* _EXERCISE GOAL_
The response must reproduce exactly every line of the material below holding the word "Lexus".

* _EXERCISE DATA_
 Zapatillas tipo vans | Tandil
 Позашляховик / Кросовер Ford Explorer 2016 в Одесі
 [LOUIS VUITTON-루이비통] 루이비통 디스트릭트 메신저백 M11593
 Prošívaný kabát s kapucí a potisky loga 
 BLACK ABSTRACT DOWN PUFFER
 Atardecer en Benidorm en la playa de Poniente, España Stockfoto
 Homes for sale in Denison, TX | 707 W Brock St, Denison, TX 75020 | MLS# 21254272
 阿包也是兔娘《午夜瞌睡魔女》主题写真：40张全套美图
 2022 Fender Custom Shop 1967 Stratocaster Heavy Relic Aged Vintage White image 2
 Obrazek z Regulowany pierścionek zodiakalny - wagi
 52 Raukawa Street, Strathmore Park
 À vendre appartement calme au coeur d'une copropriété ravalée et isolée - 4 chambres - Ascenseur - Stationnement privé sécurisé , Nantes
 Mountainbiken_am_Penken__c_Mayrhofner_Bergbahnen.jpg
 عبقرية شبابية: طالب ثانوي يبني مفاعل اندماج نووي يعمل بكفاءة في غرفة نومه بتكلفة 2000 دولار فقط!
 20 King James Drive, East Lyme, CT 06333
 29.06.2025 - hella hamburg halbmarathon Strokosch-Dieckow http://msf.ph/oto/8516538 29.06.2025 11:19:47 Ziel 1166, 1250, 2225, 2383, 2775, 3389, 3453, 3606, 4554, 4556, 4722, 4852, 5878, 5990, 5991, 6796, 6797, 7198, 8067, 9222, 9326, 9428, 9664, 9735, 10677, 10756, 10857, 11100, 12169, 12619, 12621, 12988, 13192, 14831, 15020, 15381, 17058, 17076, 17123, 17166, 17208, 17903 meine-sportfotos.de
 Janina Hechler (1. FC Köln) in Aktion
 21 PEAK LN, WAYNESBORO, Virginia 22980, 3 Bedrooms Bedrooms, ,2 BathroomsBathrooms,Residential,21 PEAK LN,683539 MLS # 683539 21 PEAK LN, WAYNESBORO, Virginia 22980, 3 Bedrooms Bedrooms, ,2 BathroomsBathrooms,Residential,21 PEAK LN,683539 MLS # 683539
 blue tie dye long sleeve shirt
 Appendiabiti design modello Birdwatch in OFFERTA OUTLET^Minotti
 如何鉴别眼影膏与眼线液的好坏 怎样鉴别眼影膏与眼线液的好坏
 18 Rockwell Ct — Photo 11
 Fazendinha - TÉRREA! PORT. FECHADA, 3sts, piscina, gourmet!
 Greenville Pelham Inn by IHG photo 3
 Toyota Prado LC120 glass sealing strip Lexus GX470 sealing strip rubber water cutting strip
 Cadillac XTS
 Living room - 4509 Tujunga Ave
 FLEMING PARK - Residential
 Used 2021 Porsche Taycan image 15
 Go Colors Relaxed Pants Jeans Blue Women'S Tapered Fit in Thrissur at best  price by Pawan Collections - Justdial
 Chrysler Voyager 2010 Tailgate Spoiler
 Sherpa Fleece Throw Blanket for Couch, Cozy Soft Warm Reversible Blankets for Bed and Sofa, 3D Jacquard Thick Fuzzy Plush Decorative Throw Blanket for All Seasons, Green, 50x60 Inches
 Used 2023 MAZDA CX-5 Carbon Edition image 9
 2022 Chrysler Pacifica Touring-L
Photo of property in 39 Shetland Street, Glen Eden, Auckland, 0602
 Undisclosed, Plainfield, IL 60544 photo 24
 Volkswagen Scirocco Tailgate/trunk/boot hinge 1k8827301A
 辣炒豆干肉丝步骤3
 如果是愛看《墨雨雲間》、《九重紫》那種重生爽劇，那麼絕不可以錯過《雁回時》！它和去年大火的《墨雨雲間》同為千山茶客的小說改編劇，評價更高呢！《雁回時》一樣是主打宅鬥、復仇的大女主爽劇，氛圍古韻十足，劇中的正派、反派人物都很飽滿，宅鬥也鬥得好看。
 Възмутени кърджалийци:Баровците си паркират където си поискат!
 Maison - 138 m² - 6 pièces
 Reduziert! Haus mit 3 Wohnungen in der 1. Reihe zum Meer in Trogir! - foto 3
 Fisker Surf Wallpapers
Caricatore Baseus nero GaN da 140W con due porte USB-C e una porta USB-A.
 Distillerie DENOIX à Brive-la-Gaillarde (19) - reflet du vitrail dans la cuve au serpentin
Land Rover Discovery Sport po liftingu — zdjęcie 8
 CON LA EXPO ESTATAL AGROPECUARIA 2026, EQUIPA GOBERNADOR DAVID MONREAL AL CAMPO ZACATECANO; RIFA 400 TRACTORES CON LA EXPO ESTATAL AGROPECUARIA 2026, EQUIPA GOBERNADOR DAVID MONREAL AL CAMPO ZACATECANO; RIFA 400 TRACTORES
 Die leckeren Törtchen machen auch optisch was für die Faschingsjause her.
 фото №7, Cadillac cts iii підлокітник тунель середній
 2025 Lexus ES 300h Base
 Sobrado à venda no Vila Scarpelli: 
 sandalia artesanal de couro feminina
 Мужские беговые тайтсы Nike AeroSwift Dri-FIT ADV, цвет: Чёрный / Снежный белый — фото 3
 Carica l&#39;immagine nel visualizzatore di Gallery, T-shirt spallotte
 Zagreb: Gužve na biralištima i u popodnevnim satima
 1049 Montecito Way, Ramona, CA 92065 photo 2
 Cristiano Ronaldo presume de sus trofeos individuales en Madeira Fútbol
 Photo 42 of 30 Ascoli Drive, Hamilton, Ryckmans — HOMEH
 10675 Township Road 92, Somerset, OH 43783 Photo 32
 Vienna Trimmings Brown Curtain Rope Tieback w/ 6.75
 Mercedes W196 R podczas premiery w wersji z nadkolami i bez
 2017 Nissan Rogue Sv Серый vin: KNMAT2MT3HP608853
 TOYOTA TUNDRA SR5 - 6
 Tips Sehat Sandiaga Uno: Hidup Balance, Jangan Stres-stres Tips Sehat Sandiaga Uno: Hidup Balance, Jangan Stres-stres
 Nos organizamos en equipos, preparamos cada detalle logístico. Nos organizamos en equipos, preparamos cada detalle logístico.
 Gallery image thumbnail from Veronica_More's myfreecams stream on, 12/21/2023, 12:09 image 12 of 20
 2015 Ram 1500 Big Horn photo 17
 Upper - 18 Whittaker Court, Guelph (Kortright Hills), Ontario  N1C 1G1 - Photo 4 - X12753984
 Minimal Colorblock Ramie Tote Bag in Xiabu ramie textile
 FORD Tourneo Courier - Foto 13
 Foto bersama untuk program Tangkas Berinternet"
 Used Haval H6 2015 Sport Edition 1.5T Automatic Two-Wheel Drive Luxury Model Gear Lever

* _EXERCISE SOLUTION_
 Toyota Prado LC120 glass sealing strip Lexus GX470 sealing strip rubber water cutting strip
 2025 Lexus ES 300h Base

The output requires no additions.